D-lactate, a pathogen-specific metabolite, is produced nearly exclusively by bacteria [22]. It has been previously evaluated in primarily sterile body fluids, including cerebrospinal and synovial fluid. D-lactate and L-lactate are isomers. However, D-lactate in the human body is slow due to the lack of D-lactate dehydrogenase. In contrast, D-lactate is produced almost entirely by bacteria, which can be detected in body fluids and used for specific diagnosis of infection. Moreover, delayed infections are known to evoke only subtle clinical symptoms and signs of low microbial burden. As bacterial metabolism decreases with biofilm maturation, detectable amounts of D-lactate are still produced. In addition, the D-lactate concentration seems to depend on the number of bacteria, as the concentration of D-lactate was higher in culture-positive PJI than in culture-negative PJI. Therefore, different detection concentrations can reflect various clinical implications [10].
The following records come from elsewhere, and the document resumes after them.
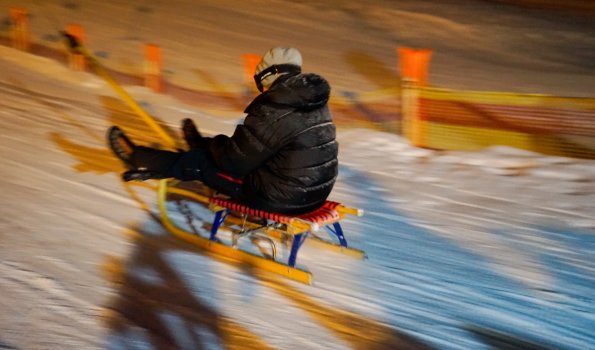 Ein Schlittenfahrer gleitet rasch den verschneiten Hang hinunter. Die Nacht ist klar und die Stimmung ist aufregend.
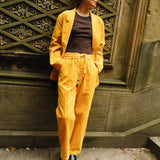 A woman stands against a wall, wearing a matching yellow corduroy set with a relaxed blazer and drawstring trousers. They pair the look with a fitted brown tank top and black loafers.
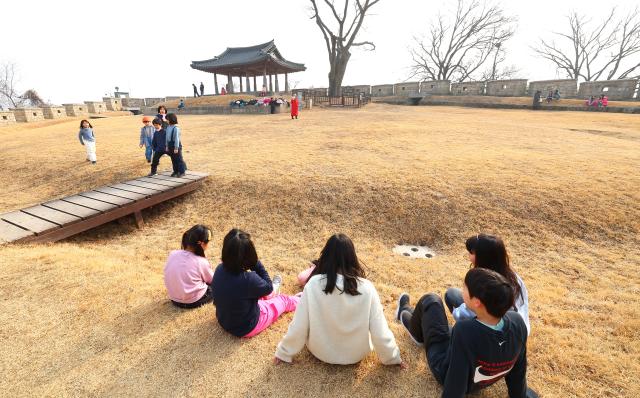 포근한 날씨를 보인 5일 인천 강화군 연미정으로 겨울방학 현장체험학습을 나온 어린이들이 두꺼운 외투를 벗어놓고 잔디에 안자 휴식하고 있다 202625 사진연합뉴스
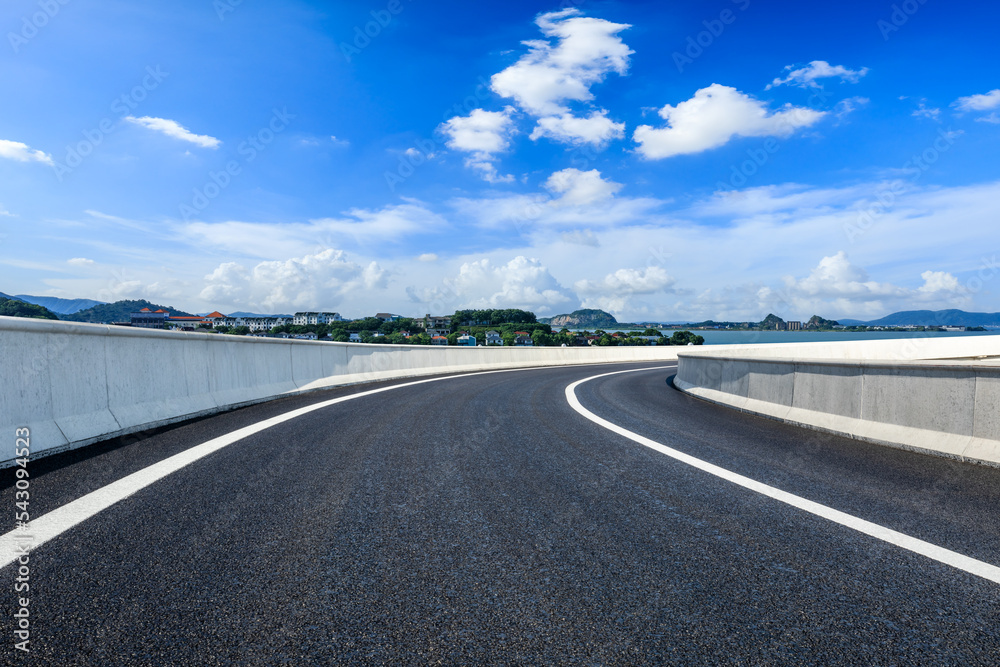 Asphalt road and river with mountain nature landscape under blue sky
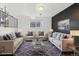 Cozy living room with plush sofas, accent pillows, and a glass coffee table on a patterned rug at 5711 W 92Nd Ave # 25, Westminster, CO 80031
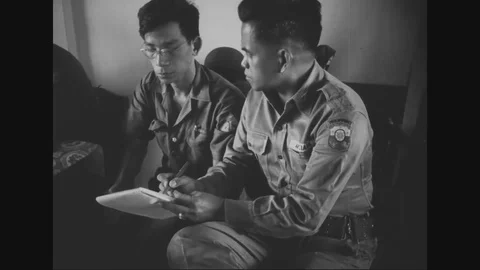 Officers write down information and give speech about healthcare program - Stock Footage 106403465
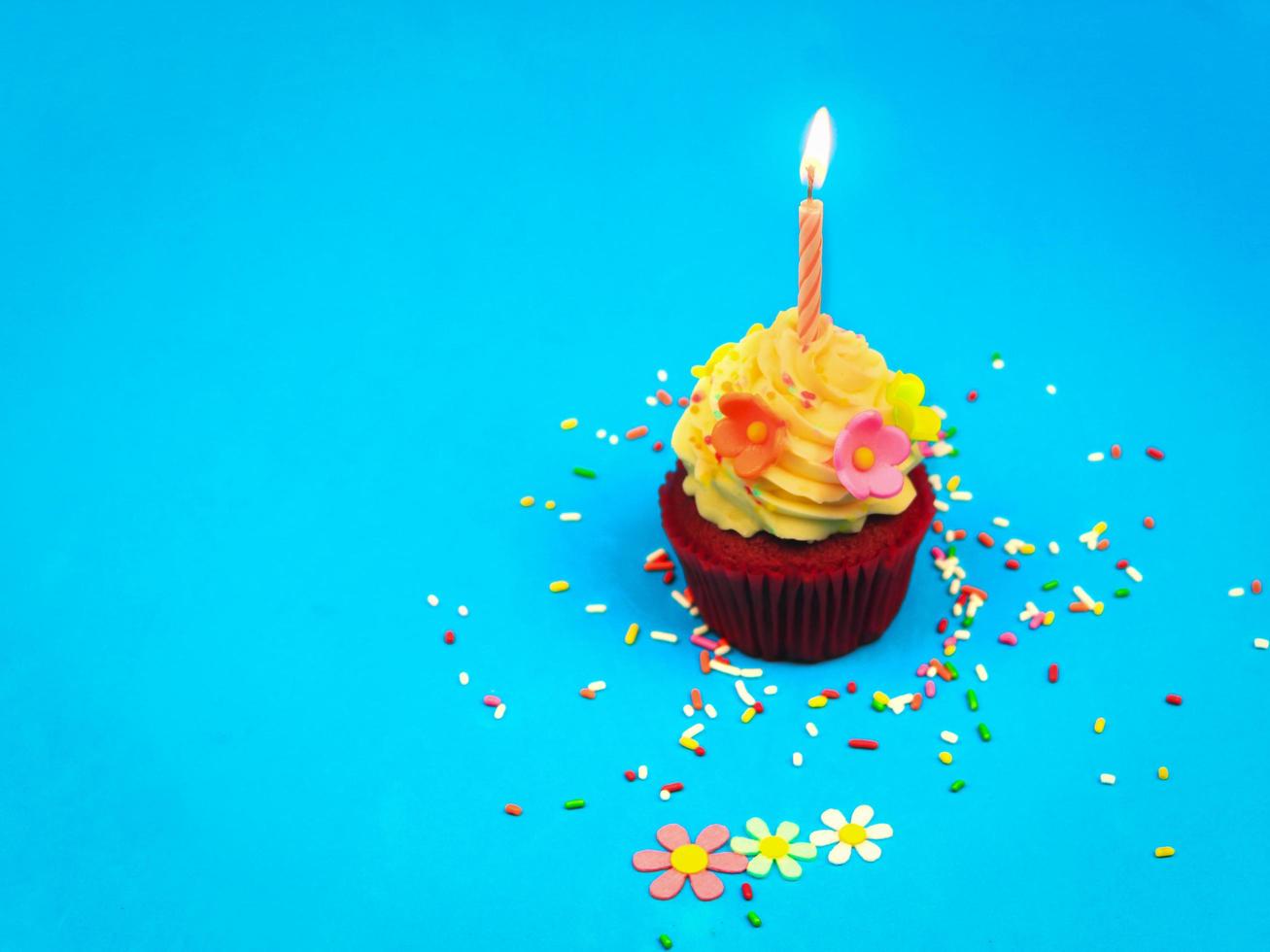 feliz aniversário cupcake e vela de arco em fundo azul com espaço de cópia, bolo fofo na festa de aniversário. foto
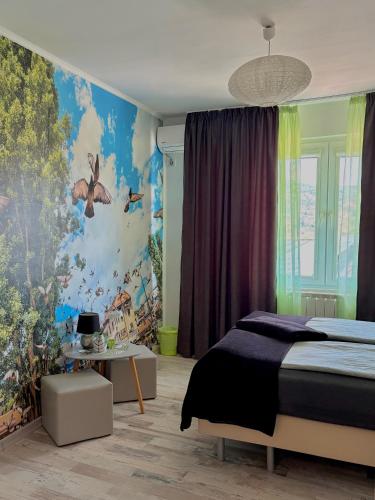 a bedroom with a bed and a colorful wall at Sarajevo, Stari Grad, Apartment in Sarajevo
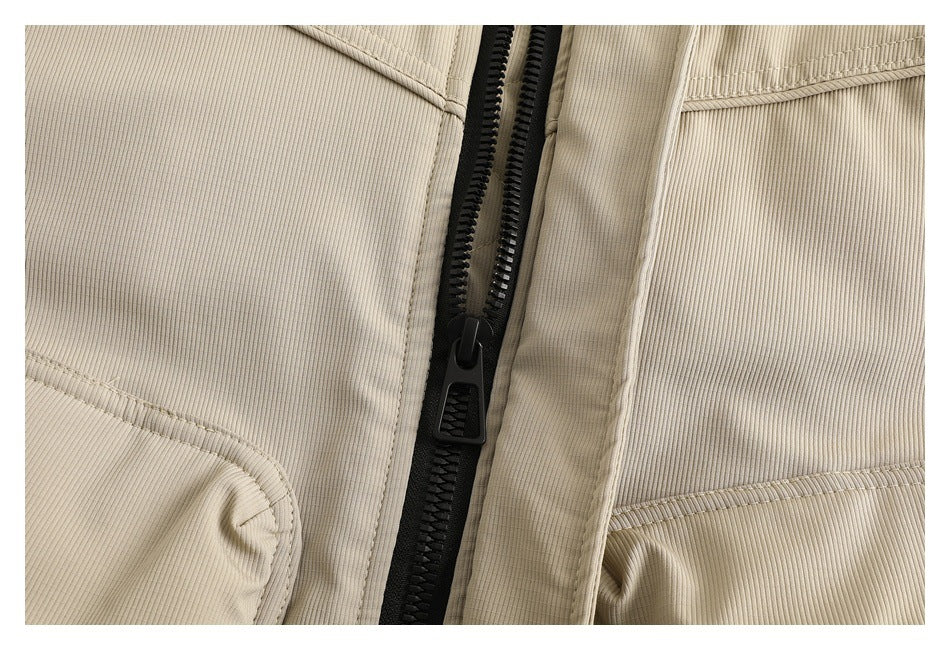 Close-up of a beige jacket with a black front zipper, stitched panels, and a fine ribbed texture.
Our study revealed that D-lactate was highly sensitive and specific in identifying PJI by applying MSIS criteria (pooled sensitivity and specificity of 0.82 and 0.76, respectively), indicating a comparable, extremely high diagnostic ability to identify PJI using this biomarker. Karbysheva et al. reported that D-lactate is comparable to the synovial fluid leukocyte count [9]. Advantages of the D-lactate test are the low volume of synovial fluid required (50 μL), quick turnaround time (45 min), and low expense (calculated on actual production costs). The high sensitivity and rapid availability of results make this biomarker particularly useful as a point-of-care screening test for PJI. Karbysheva et al. also diagnosed PJI and evaluated treatment success with D-lactate according to modified Zimmerli criteria [23]. They found that the optimal D-lactate cut-off was 1.2 mmol/L (sensitivity = 98%, specificity = 84%). D-lactate has better sensitivity for the diagnosis of PJI (98%) than leukocytes and neutrophils (80% and 89%, respectively, P < 0.0001). The concentration of D-lactate decreased below the cut off within four weeks after revision surgery, showing relapse of infection (P < 0.0001). D-lactate has the best sensitivity as an independent diagnostic method and could be implemented for the evaluation of treatment success.
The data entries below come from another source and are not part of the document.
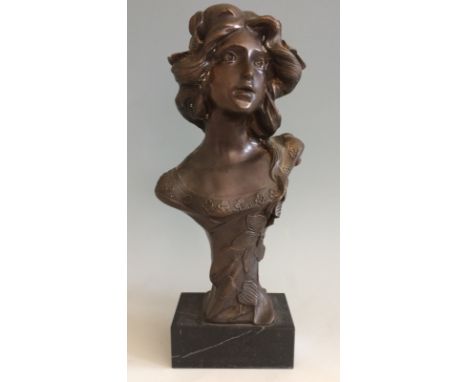 A bronze bust sculpture of female, mounted on marble.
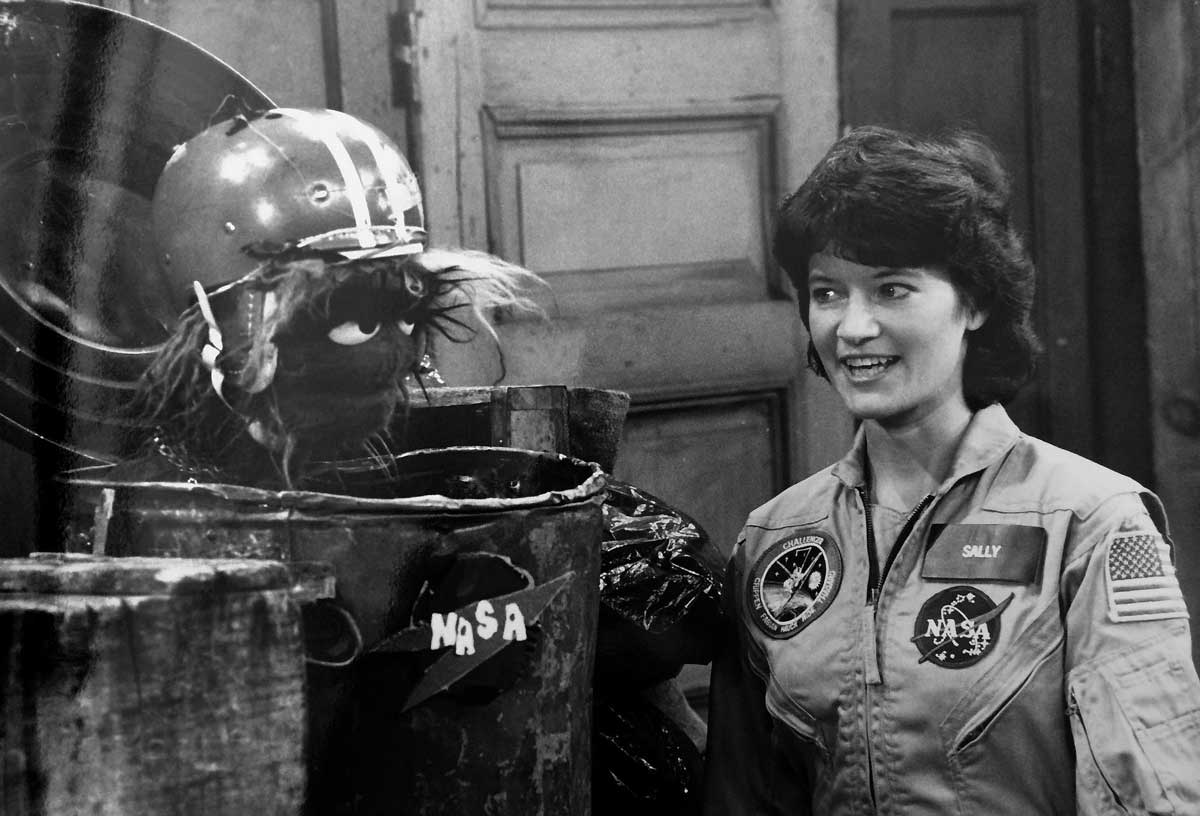 A woman in a NASA jumpsuit labeled Sally smiles at a puppet with a helmet emerging from a trash can labeled NASA. They appear to be on a set with wooden doors in the background.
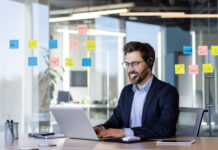 Business professional wearing headset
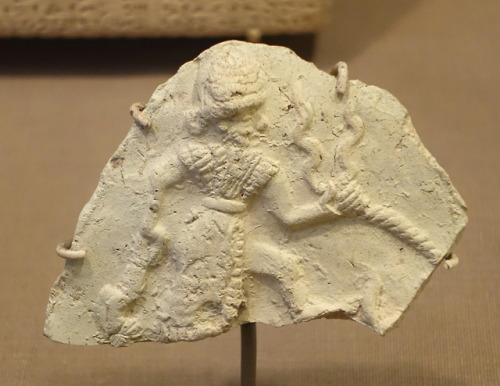 Ancient Mesopotamian baked-clay plaque depicting the storm god Ishchali.  Artist unknown; ca. 2000-1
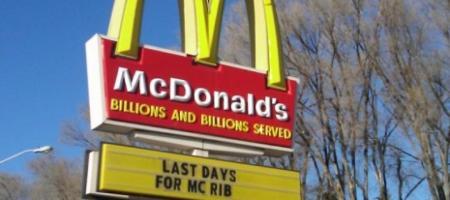 A McDonald's sign warning about the McRib's availability.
The strengths of the current study lie in the following two aspects. First, this is the first meta-analysis of D-lactate for the diagnosis of PJI. The results show that this method has the advantages of accuracy, economy and rapidity. It provides a new reference index for clinical practice and has important clinical significance. Second, our results point out the direction for future research, which indicates that the D-lactate concentration is likely to reflect the virulence and microbial load of pathogenic bacteria. At present, the relationship between the concentration of D-lactate in synovial fluid and the virulence of bacteria is not clear and needs further study.
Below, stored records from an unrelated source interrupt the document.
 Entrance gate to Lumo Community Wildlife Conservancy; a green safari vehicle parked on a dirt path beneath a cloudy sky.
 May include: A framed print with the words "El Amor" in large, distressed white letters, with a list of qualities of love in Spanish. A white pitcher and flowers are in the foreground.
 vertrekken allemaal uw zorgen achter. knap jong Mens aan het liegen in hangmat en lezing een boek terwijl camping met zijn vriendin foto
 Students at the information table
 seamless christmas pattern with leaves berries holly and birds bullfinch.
Potential limitations of this meta-analysis should also be considered. First, our study only compared the results of D-lactate with MSIS guidelines. Second, the cut-off values were different, and there was no subgroup analysis, so the results were not uniform. Third, the included articles lacked prospective RCTs, resulting in a low quality of the results.

Conclusions

Based on the results of this meta-analysis, it could be concluded that joint fluid D-lactate has significant potential value for the diagnosis of periprosthetic joint infections with high sensitivity and specificity. Moreover, the test is very convenient and can be performed preoperatively or intraoperatively.